Job listings are quite obviously a crucial part of finding your next gig. Yet it’s staggering how few job seekers properly analyze the jobs they find online before hitting apply.
Many just glance through the bullet points, see some words and skills in common with their resume, and decide that the job is right for them. Others simply look at the title and say “Hey! That sounds like my ideal role!”
What both miss out on is the crucial information held within a job listing that could make or break their application. Here’s how to analyze a job listing from head to toe:
Verify that it’s fresh
Don’t be fooled by that “3 hours ago” tag on an Indeed job opening. That could very well be a repost of an old job opening that the company already paid for. They could have already made their hire in the time since, so it’s on you to make sure you’re not wasting your time applying to a stale job posting.
Instead, highlight a small chunk of the job description, copy-paste it into Google, and see if you can find the listing on other sites. If you do find it across the web and each one says 3 hours ago, you’re golden. If you find one that was posted significantly earlier, you might be part of a secondary batch of applicants. It's your own time and effort that's on the line, so take the extra minute ahead of time to verify you're applying to a truly fresh listing.
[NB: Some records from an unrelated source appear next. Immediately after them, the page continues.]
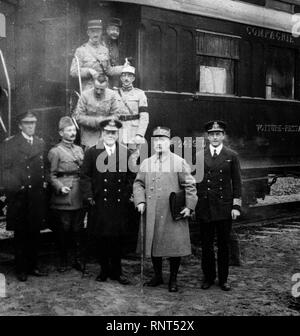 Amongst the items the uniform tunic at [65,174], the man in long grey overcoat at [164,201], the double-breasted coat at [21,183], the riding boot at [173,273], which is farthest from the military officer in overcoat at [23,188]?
the riding boot at [173,273]

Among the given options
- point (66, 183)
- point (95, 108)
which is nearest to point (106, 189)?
point (66, 183)

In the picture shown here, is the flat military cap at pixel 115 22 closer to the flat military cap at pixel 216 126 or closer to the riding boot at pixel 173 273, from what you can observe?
the flat military cap at pixel 216 126

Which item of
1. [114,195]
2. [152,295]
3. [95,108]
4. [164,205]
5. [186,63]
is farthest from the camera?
[186,63]

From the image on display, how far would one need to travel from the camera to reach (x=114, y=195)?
18.1 ft

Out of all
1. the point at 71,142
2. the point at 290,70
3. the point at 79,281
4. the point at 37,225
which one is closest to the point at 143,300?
the point at 79,281

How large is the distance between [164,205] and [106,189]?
61cm

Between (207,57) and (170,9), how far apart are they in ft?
3.12

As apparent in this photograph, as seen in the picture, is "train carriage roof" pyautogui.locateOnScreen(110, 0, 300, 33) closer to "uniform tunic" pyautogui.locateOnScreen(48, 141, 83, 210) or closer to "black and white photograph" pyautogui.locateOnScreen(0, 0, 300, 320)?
"black and white photograph" pyautogui.locateOnScreen(0, 0, 300, 320)

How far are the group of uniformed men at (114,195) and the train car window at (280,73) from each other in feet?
12.6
Don’t necessarily let a reposted job listing discourage you, however. A lot of hiring managers get excited by new highly qualified candidates submitting their application, even if it’s a few days or weeks late. Judge the opportunity appropriately, do a bit of clever research on LinkedIn and social media to check if a hire has been made, and decide how much time you want to dedicate to that listing.
Read the entire thing
No, really. Read it. A well-written job listing has a wealth of information that is crucial to submitting the best possible application. Don’t let your eagerness to apply force you down a path of undue haste and avoidable mistakes.
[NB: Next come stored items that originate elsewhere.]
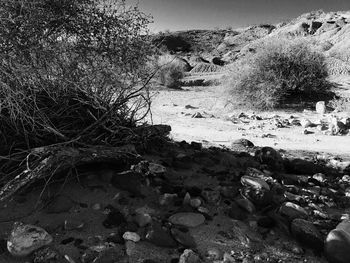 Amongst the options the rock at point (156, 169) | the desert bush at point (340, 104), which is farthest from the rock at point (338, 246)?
the desert bush at point (340, 104)

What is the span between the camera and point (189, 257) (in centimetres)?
253

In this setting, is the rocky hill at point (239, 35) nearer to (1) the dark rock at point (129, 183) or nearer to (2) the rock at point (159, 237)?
(1) the dark rock at point (129, 183)

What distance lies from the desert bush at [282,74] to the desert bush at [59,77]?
25.1 ft

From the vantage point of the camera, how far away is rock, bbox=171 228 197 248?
270 cm

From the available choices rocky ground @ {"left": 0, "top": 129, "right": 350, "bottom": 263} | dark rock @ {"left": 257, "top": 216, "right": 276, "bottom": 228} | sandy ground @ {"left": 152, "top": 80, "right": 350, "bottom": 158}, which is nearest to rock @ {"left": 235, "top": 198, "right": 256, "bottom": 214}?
rocky ground @ {"left": 0, "top": 129, "right": 350, "bottom": 263}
Just by reading the description carefully, you can find out not only the requirements for potential candidates, but also the things that will make you stand out. For example, maybe you have a master's degree or PhD and the description says candidates with advanced degrees are highly preferred. This is a great hint that you should highlight your education in your application documents.
Or, just as important, you might miss a key set of instructions for your application. Some companies want you to answer a few questions directly in your cover letter. Others ask you to insert some humor or tell a fun story. Others even tell you whom to address your cover letter to.
They do this to weed out the inattentive applicants. It helps them quickly narrow the pool of candidates just by judging them on their attention to detail. Not reading the job listing in detail just gives companies and recruiters any reason to say no from the get-go. Don't allow them that opportunity.
Make yourself a ranking list
Use the experience requirements, responsibilities, and other details in the job description to make a list of the different skills and traits that are needed from a successful candidate. Draw out some details about the company’s culture from the tone and style of the writing, and add those details to your list.
Finally, rank yourself on each point, from unqualified, to qualified, to highly qualified. This will allow you to accurately gauge your fit for the role.
Once you compile your list and cross-reference it to your past experience, write down one or two compelling reasons for why you are qualified or highly qualified for certain parts of the job description. Then write down one or two reasons why your experience, drive, and teachability translate into success when considering the points you ranked yourself as unqualified for.
This ranking list and the supporting details for each point will allow you to put together a great cover letter and an effective resume.
It will help you adjust and reorder the bullet points of your work experience to match up with the importance of each skill and accomplishment. You can highlight the reasons why you are a great fit both culturally and in terms of skills. And when it comes time to interview for the role, you will already have a treasure trove of research to help you prepare.
When you’re applying to job openings online, the very baseline level of effort you need to put in is to completely and accurately understand the job listing. It’s the first step towards ensuring you don’t make any embarrassing errors. But even more importantly, the job description is a gold mine of important information that can help you put together an amazing application.
Don’t ignore it - it was written that way for a reason!